All of the data should be output character for character, except the pictures.

__Data excerpt__.
::::

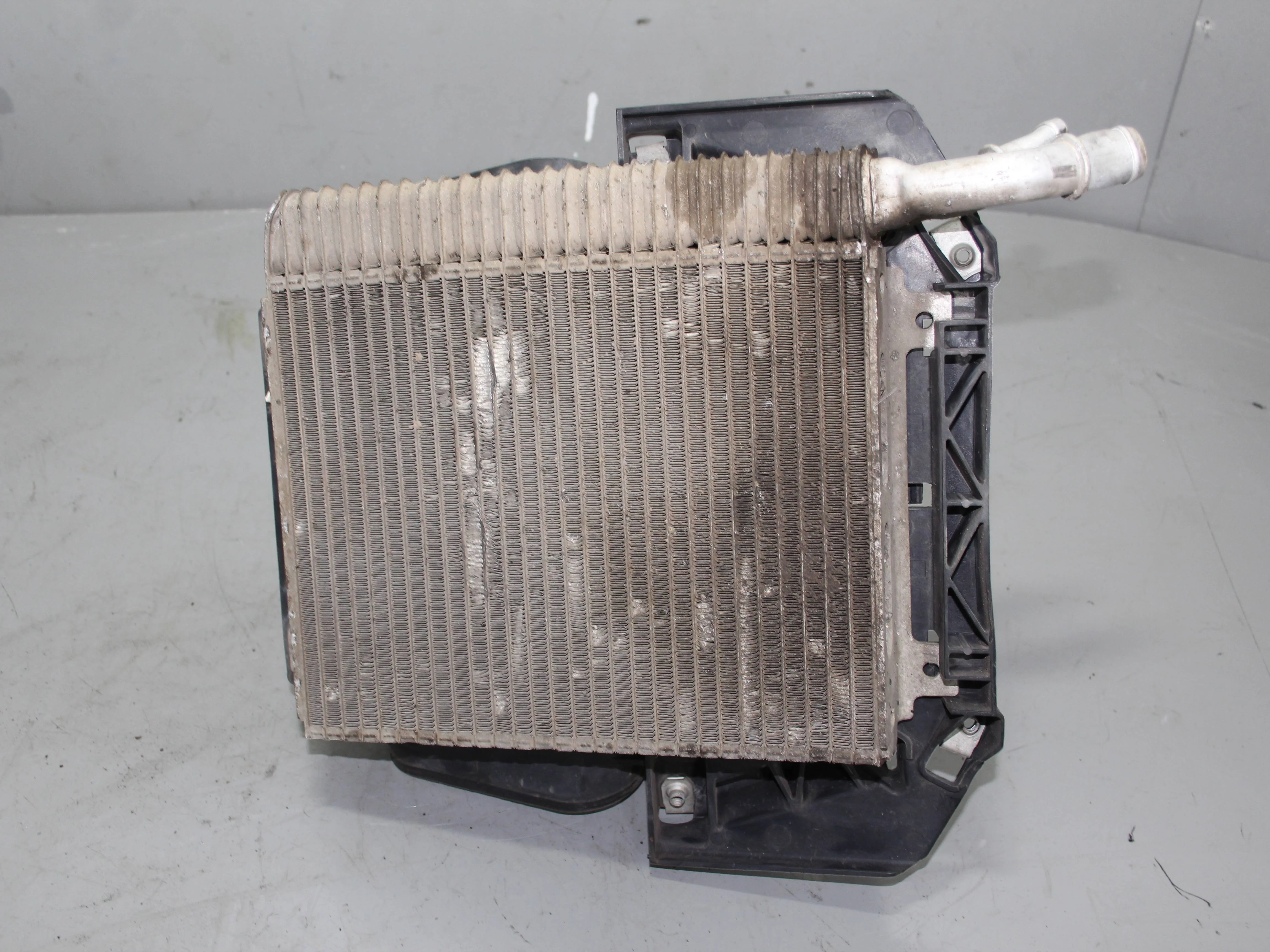 Радиатор дополнительный правый JAGUAR XF I (2007—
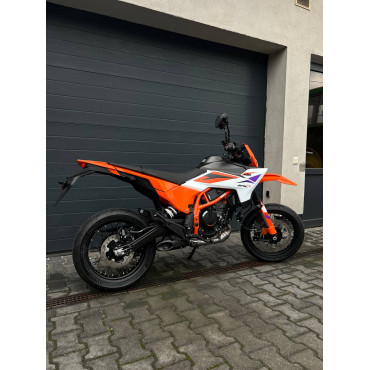 Мотоцикл KTM 390 SMC R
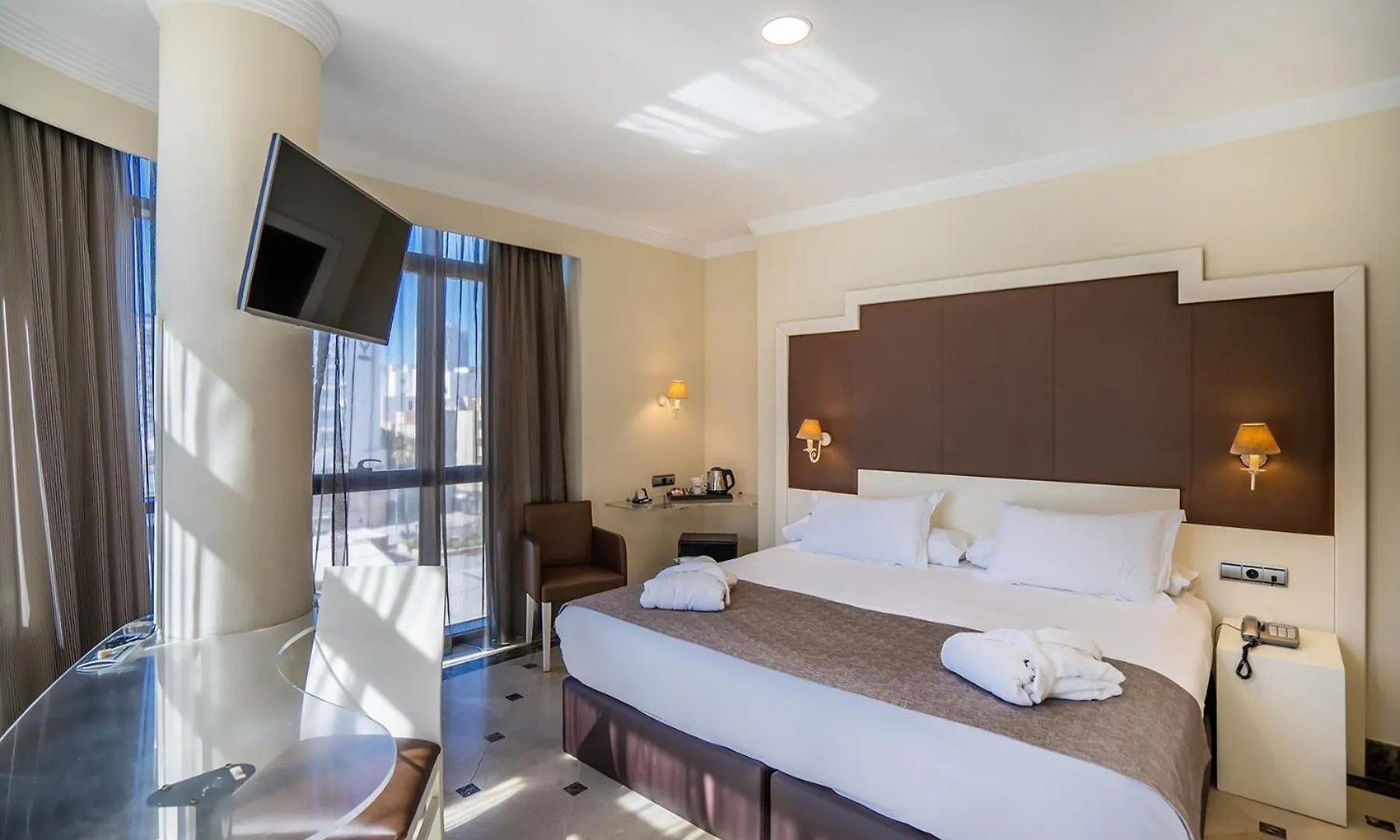 Hotel Spa Cadiz Plaza (Adults Only) 4*,
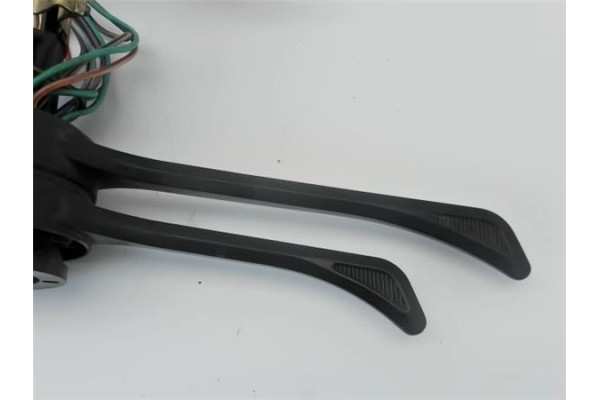 Recambio de mando intermitencia para seat 132 2.0 d referencia OEM IAM 335107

::::

__Problem solution__.
 Радиатор дополнительный правый JAGUAR XF I (2007—
 Мотоцикл KTM 390 SMC R
 Hotel Spa Cadiz Plaza (Adults Only) 4*,
 Recambio de mando intermitencia para seat 132 2.0 d referencia OEM IAM 335107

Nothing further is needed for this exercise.